God knows every jealousy, every wrong step, every unkind word, every single mistake I have made, that sometimes I’d rather dive into a bowl of ice cream over a problem than let him comfort me.

God knows my fears – fears that I wouldn’t admit to him because I didn’t want to disappoint him. Silly me! God already knew.

He knows . . .  the heart-lift my soul experiences when a cardinal darts down a road in front of me. He knows I like honey in my tea. He knows autumn is my favorite season. He knows the dreams I have – and the hopes I have for my family. He knows my dismay that people don’t really want to know, “How are you” when they ask. He knows I’m a literalist who has trouble navigating the nuance of banter.

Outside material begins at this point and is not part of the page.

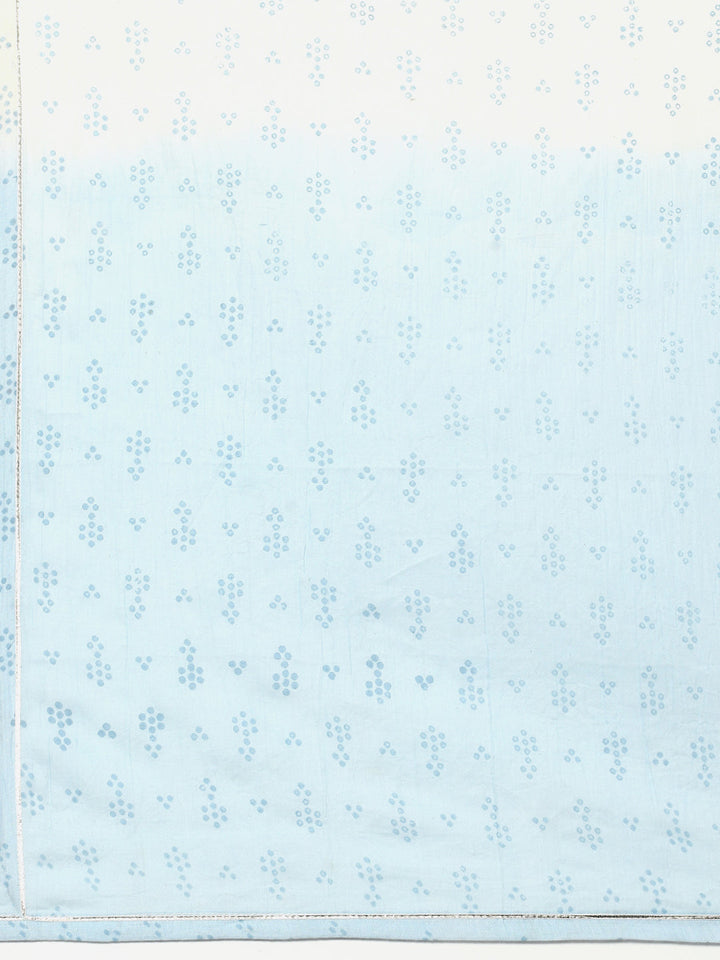 Bandhani Mirror Work Cotton Kurta With Pant &amp; Cotton Dupatta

He knows the intent of my heart when others do not.

Lately, I have been facing the fact that God knows – and I have stopped trying to hide my fears from him, my worries, hurts, and struggles from him. The big and little stuff. He already knows. . . .

He already knows.

He was just waiting for me to recognize that I was fearing, hurting, worrying, struggling – just waiting for me to bring it to Him. He waits because until I recognize what I am holding on to and recognize that I need to ask him for help, am willing to give it to him, He cannot help me.

I tell my boys, “God’s not your mama. Your mama wants to barge in and fix it for you. God waits to be invited in to your soul situations.”

When I barge in to try and fix my boys’ – or anyone’s problems, it just leads to resentment. My actions aren’t seen as help. It’s seen as interference. If anything, it just causes the one I’m trying to help to hold on tighter, to  hide it deeper, to burro further into their problem.

God knows when we bring a problem to him, that we, ourselves, are ready to be helped, ready to hand our helplessness over to him. It’s a hard thing, handing our helplessness over – whether it’s to another person or, for the first time, to God.

God knows what’s going on in your mind, body and soul. He’s known probably before you did. You don’t have to be ashamed that you feared your problem more than you trusted him. He already knows – and is waiting for you to just come to him, to tell him all about it, to ask him to help you, to lift the burden off you. He understands the whys better than even you do.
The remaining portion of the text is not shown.